Not sure if we will build on it but there are some key levels to watch. The 50% bounce level from the downdraft from 1100 to 1039 stands at 1069-1071. If bears have control they will not a let a daily close above this level, and then the ultimate line in the sand is 1075-1077.
On a macro level, if you take a bigger look at the chart, there is a very negative head and shoulders pattern (I know, it never triggers). That could give us a
test of at least the old lows of 1010 with a measured move still down to 880-920 but we have to take out and close below 1040 first and then 1010.
I sold all macro longs on August 11th at 1105ish and will just trade, until I see a clear defined move coming. Right now – Trading these 30-40 handle technical moves have been paying off very nice.
Tech
AAPL was a great stop out around 255 and some got short when we broke 252. As of now, it still feels heavy but prudent shorts covered into 235-238 support. Resistance here is now 244-246. This will give us clues if market can build on Friday’s reversal.
BIDU held it’s 50 day, but not excited here. Next Resistance area is 81-83
NFLX still a “go to stock” but a bit weaker. It held long term uptrend around 120ish, and now has a small pivot around 127. Big resistance around 129-131.
AMZN held the 122.50 area which was a prior buy for us. This holds in better than most, but hard to get excited.

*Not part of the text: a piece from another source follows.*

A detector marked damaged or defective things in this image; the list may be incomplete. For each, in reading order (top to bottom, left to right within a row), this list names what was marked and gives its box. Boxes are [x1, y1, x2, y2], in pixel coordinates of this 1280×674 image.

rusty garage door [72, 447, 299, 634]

SNDK- This Former “go to stock” had a complexion change when AAPL started getting weaker. You should have been stopped out when 40-41 broke. It was upgraded today but I would be surprised if it gets much traction.
RIMM this is a great trader for us, but you must be quick and nimble. It remains weak but I guess you can trade long vs. 45.

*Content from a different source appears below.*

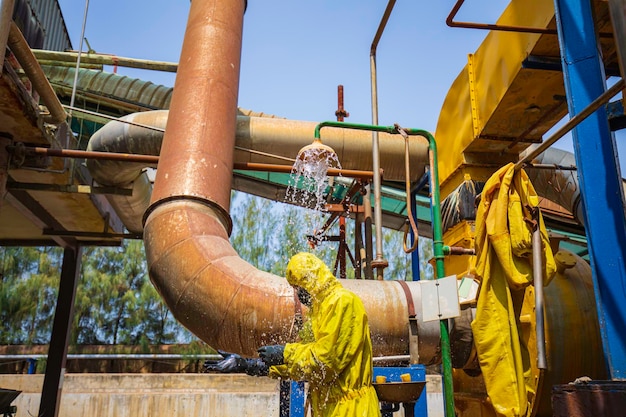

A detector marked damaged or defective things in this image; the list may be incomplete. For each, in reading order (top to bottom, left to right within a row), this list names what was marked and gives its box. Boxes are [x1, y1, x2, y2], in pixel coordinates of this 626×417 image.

large rusty pipe [6, 22, 67, 123]
large rusty pipe [137, 0, 438, 358]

HPQ we dissected this trade well. I tried to keep everyone up. We bought 40.20’s and sold last shares around 41.45, now it’s lower and still broken.
CRM looks great, with a nice high level flag. If market builds on Friday, this might get thru 113-114.

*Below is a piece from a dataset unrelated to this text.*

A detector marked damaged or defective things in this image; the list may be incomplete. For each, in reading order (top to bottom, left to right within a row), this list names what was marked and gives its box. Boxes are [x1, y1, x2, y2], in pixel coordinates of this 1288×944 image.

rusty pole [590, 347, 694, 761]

FFIV acts very Well and needs some time, but is now on the list.
BANKS got hit hard
GS was a great sale for us around 154 -155 and now worth a scalp look long around 137-138.
JPM very slow but held my 35.50 buy area, now it could bounce a bit back to 38
BAC remains very weak.
V and MA hovering near lower end of ranges. Visa trying to stay above 70 and MA 200ish.
CASINOS
LVS act well and is holding up. Keep on list.
WYNN not great but keep an eye out.
OIH had a big engulfing bar and could bounce if market holds in. I see big resistance around 102.
RIG could be worth a scalp with buy area 51.50-52, but just a trade.
CMG has a great looking chart. Very strong, not sure if stock can break out but this one should be on radar if it gets going above 154.
POT still acts well as this was our strong group before the “take over announcement”.
CF and AGU look like they are playing a bit of catch up.
GLD is building a great pattern most are in tier two long with average of about 118.50.
Market needs to get above 1070ish and HOLD to relieve the short term pressure and building on Friday’s Reversal.